(EXERCISE DATA Opens)

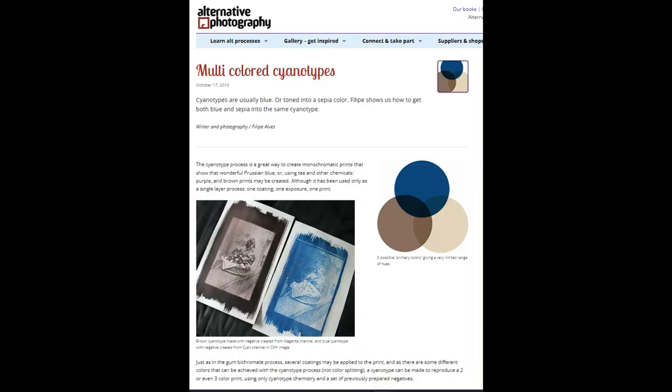The final thing I want to bring your attention to is another article on Alternative Photography, dating back to 2010. All I want to say is they almost had it — they were so close to almost perfecting it. The article has some very good information, and what I developed is very close to what they did, with a lot of exceptions. They were on the right track and I'd like to see if I could track down that person to see if they did any more with it. I'll put a link to this article as well.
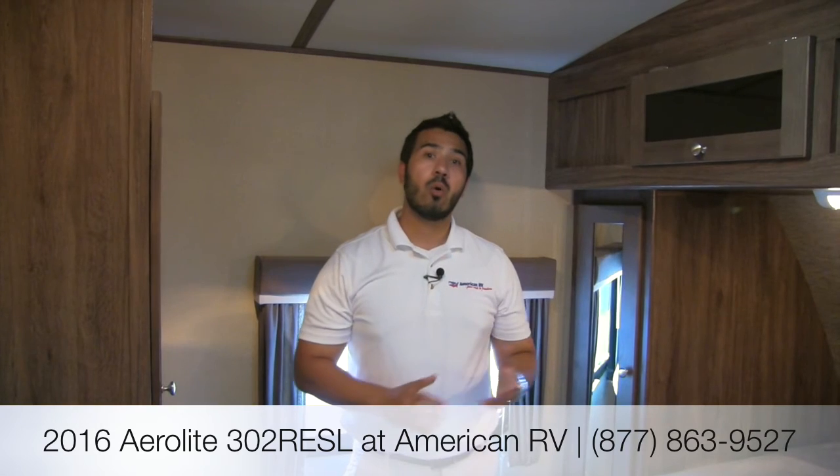Thanks again for joining me, folks. This was the Aerolite 302 RESL. If you do have any questions, please give myself, Ian Baker, a call, or one of the other amazing sales consultants here at American RV, and let us help you find your road to freedom.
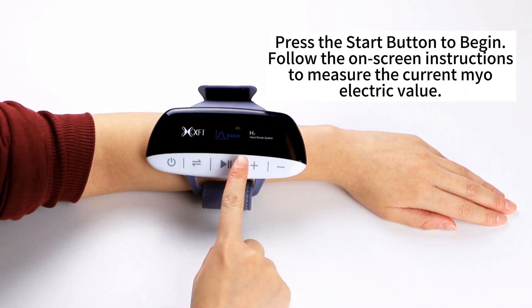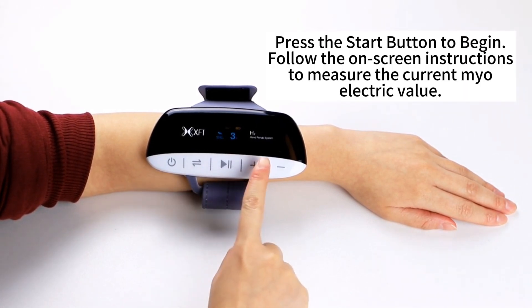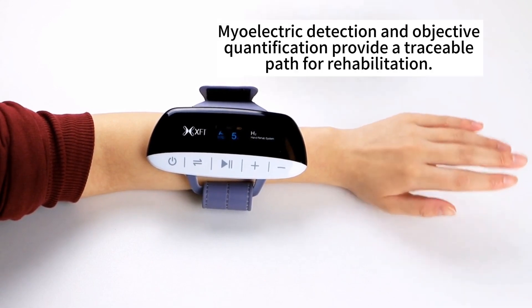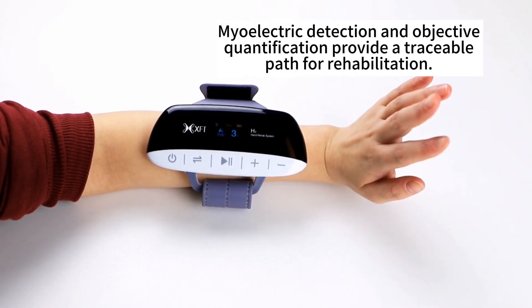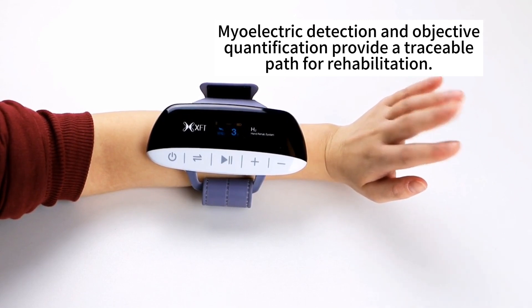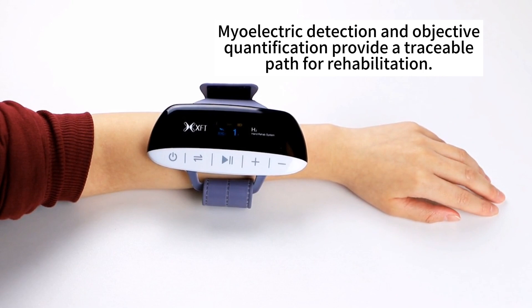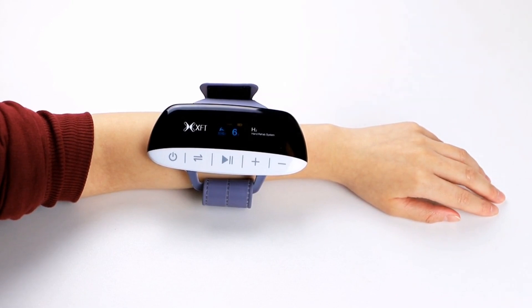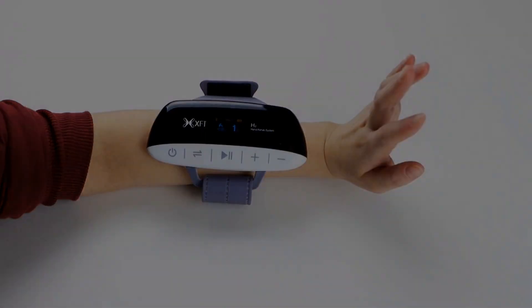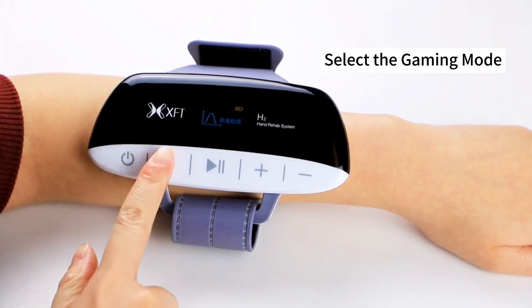Select the end mode. Press the start button to begin. Follow the on-screen instructions to measure the current bioelectric value. Bioelectric detection and objective quantification provide a traceable task for rehabilitation. Select the gaming mode.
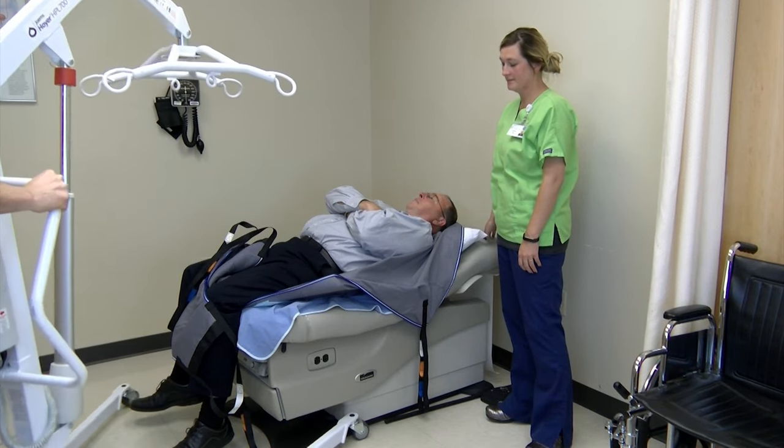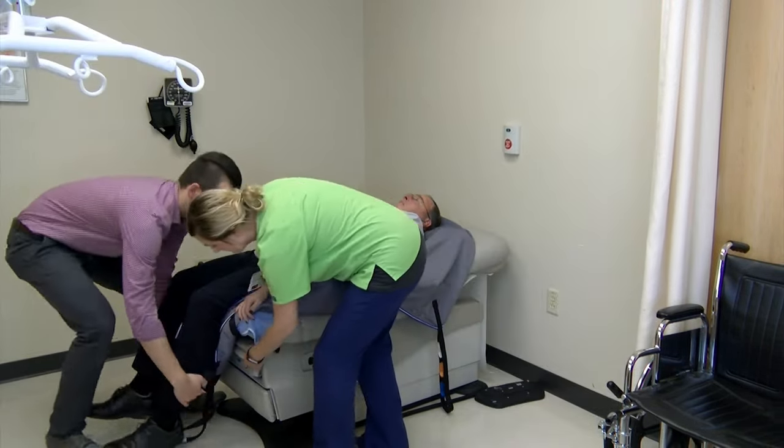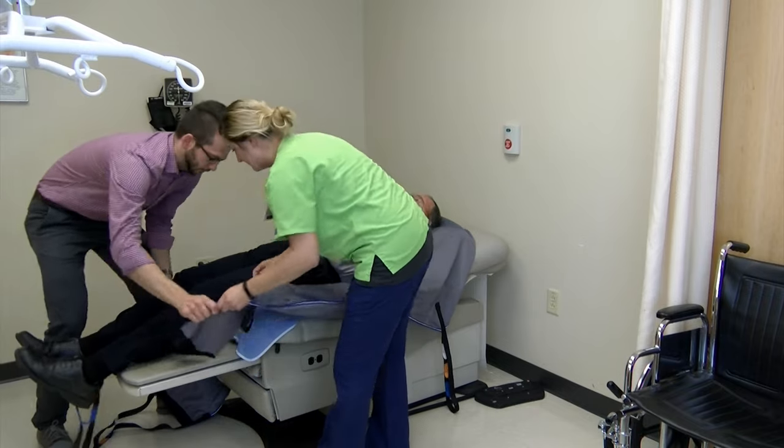Unlock the rear casters and remove the lift. Then remove the sling from underneath the patient.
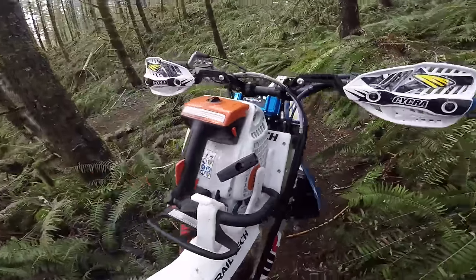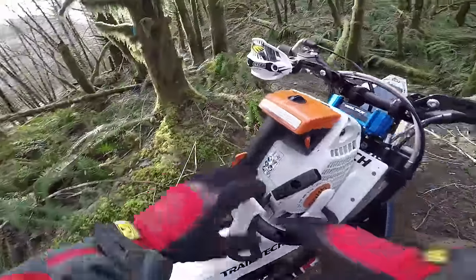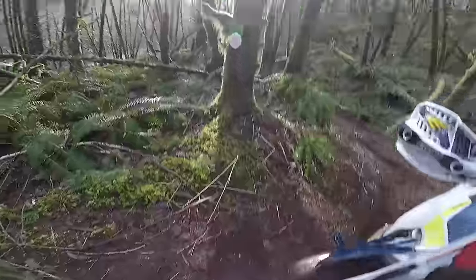Trail Tech. Two words, one vision. To eliminate the daily struggles that limit our outdoor experiences. To keep us on the trail and make sure the riding ends when we want it to, not when the backcountry says it does.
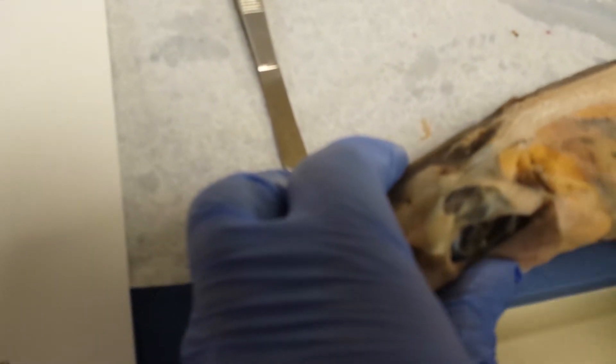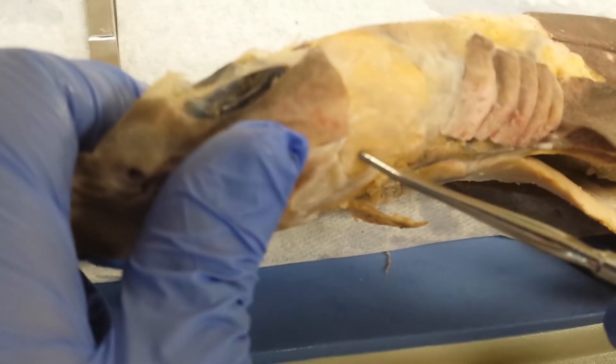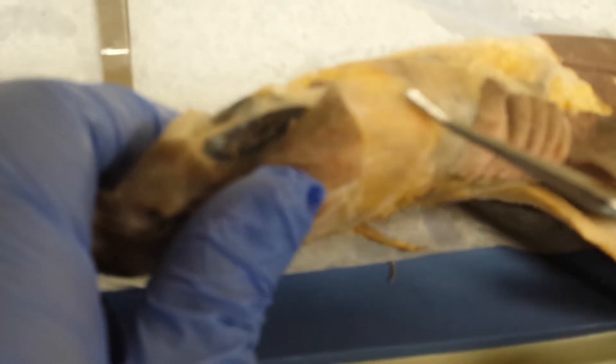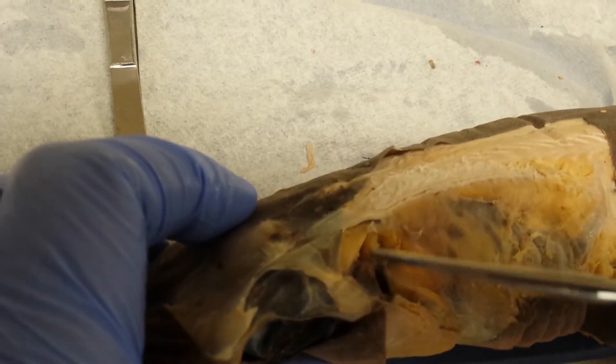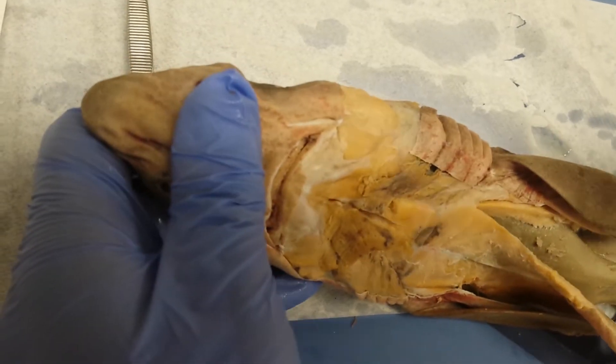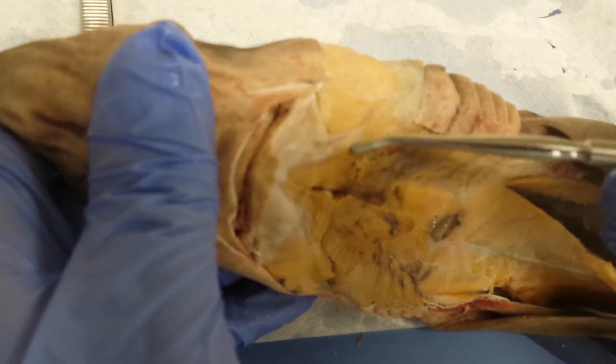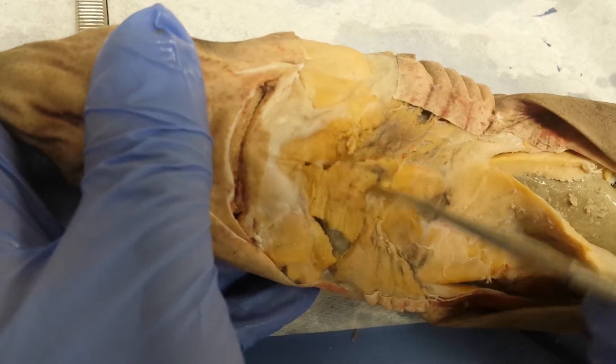We're done with the dorsal ones, and here's one that you can see both in the dorsal view and also the ventral view. This is your adductor mandibuli. The adductor mandibuli with the spiracular makes your first gill constrictor. Now you can see a complete ventral view of that muscle. You're going to see the first gill constrictor here, and you can see it on this side as well.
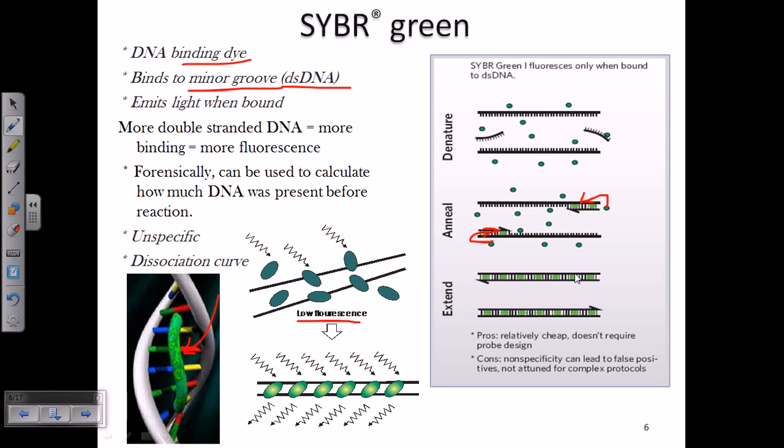By measuring the fluorescence, we can tell that PCR amplification is done properly. However, this process is non-specific, because SYBR Green can bind unspecifically to different regions of DNA — it binds to the minor groove of any double-stranded DNA sequence, which is a key limitation.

(EXERCISE DATA Closes)

**TASK DIRECTIONS**: Nothing but the lines from the one with "Unlock the rear" up to and including the one with "We're done with" should be printed, exactly as they read above. Please keep the pictures out.

**WRITTEN SOLUTION**:
Unlock the rear casters and remove the lift. Then remove the sling from underneath the patient.
Trail Tech. Two words, one vision. To eliminate the daily struggles that limit our outdoor experiences. To keep us on the trail and make sure the riding ends when we want it to, not when the backcountry says it does.
We're done with the dorsal ones, and here's one that you can see both in the dorsal view and also the ventral view. This is your adductor mandibuli. The adductor mandibuli with the spiracular makes your first gill constrictor. Now you can see a complete ventral view of that muscle. You're going to see the first gill constrictor here, and you can see it on this side as well.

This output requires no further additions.